No, no Biblioasis book made anyone's best of the decade, or not that I've come across. No Biblioasis author even made a best of the decade list, which is, in my view, a travesty. Michael Carbert over at the online magazine Encore Lit does attempt to remedy this. He chooses Terry Griggs's Rogue's Wedding and Russell Smith's Muriella Pent as being among the most egregiously overlooked books of the decade. And I would have to absolutely agree with him. Both of these books remain among my all-time favourite novels, and rank as among the best Canadian novels, in my opinion, ever published. They are two of the few books I'll probably re-read in the not-too-distant future.

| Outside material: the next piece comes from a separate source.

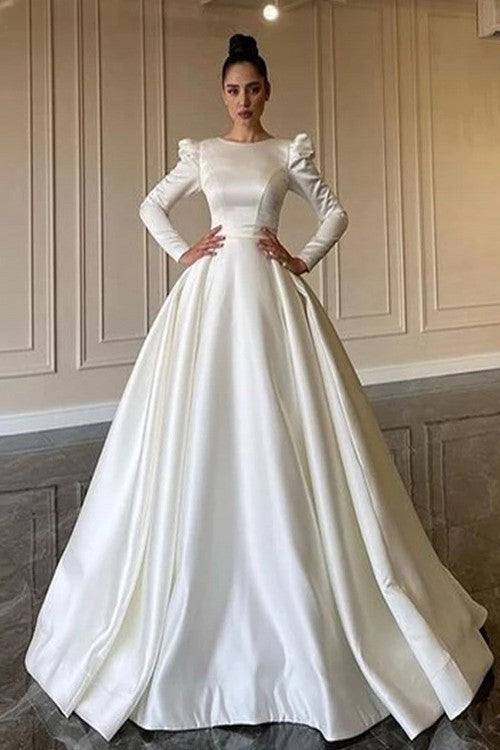 Simple Satin Long Sleeves Wedding Dresses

Some other picks, judged by a scan of my bookshelves, that rank as among my favourite books published this past decade. I don't know if any of them made a Best of the Decade list. All of them quite easily could have:
Annabel Lyon's Oxygen
Clark Blaise's Selected Stories (Four Volumes, published by the Porcupine's Quill)

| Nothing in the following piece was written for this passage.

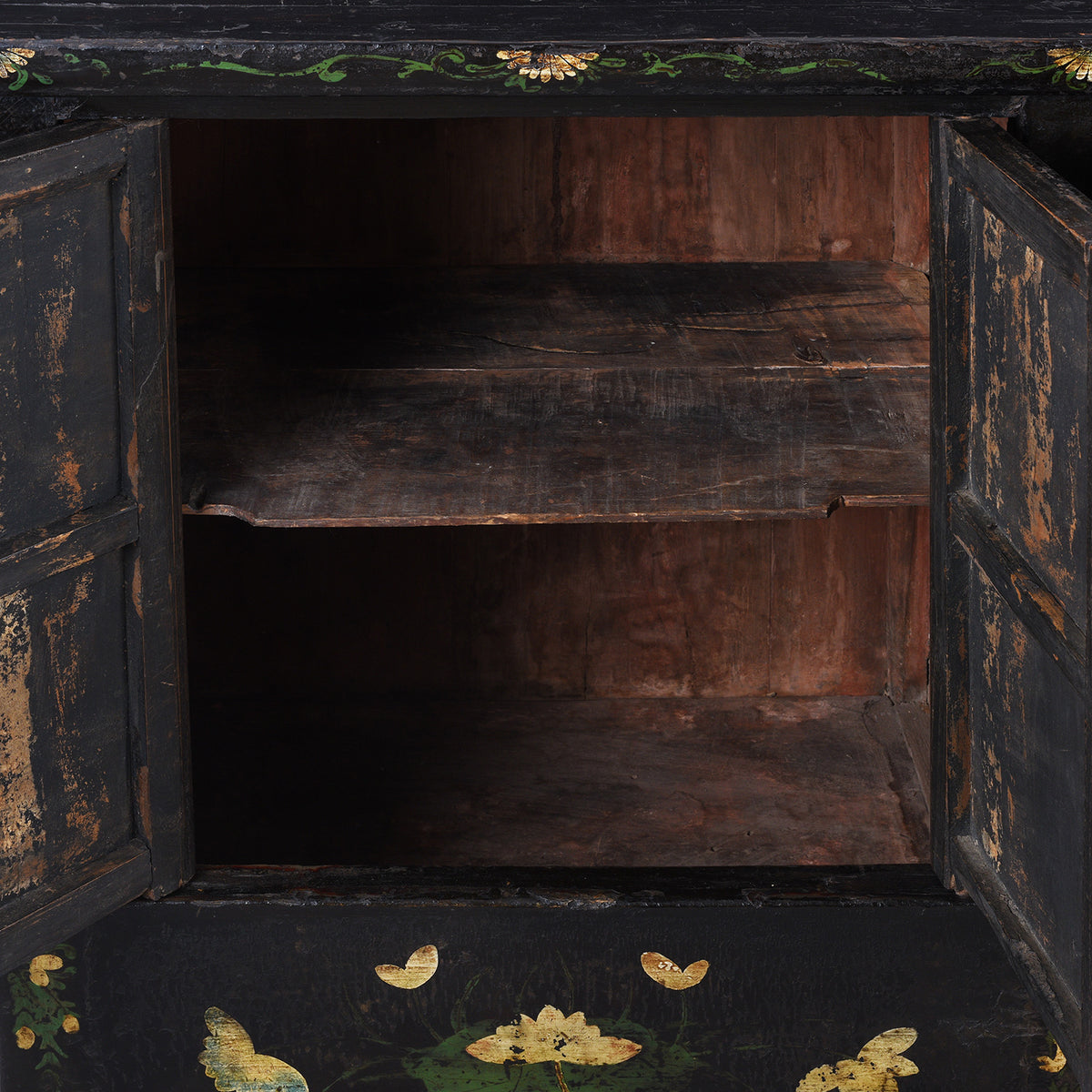 Interior Of Antique Chinese Black Lacquer Sideboard From Shanxi | Indigo Antiques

Ray Robertson's Gently Down the Stream
Caroline Adderson's Pleased to Meet You
Mark Anthony Jarman's 19 Knives
Lisa Moore's Open
Jhumpa Lahiri's Interpreter of Maladies
Alistair MacLeod's Island
Leonard Michael's Collected Stories
Horacio Castellanos Moya's Senselessness.

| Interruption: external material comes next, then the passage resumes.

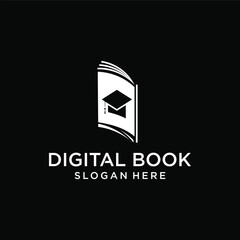 Book technology logo, Digital book logo design, online learning logo, digital book logo icon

Alice Munro's Hateship Friendship, Courtship, Loveship, Marriage (or almost anything else by her)
Certainly, this list overlooks many, including books we've published here, books I've borrowed, books in one of the dozens of boxes still in a storage locker, books I've taken from the library, books I've loaned out and lost. Not to mention non-fiction and poetry. And it is heavily slanted to short fiction: counting Rogue's Wedding and Muriella Pent, 9 of 13 titles are short fiction collections. But it will suffice in a pinch.
Carbert, though, is right: Griggs and Smith: if you haven't read them, do yourself the favour.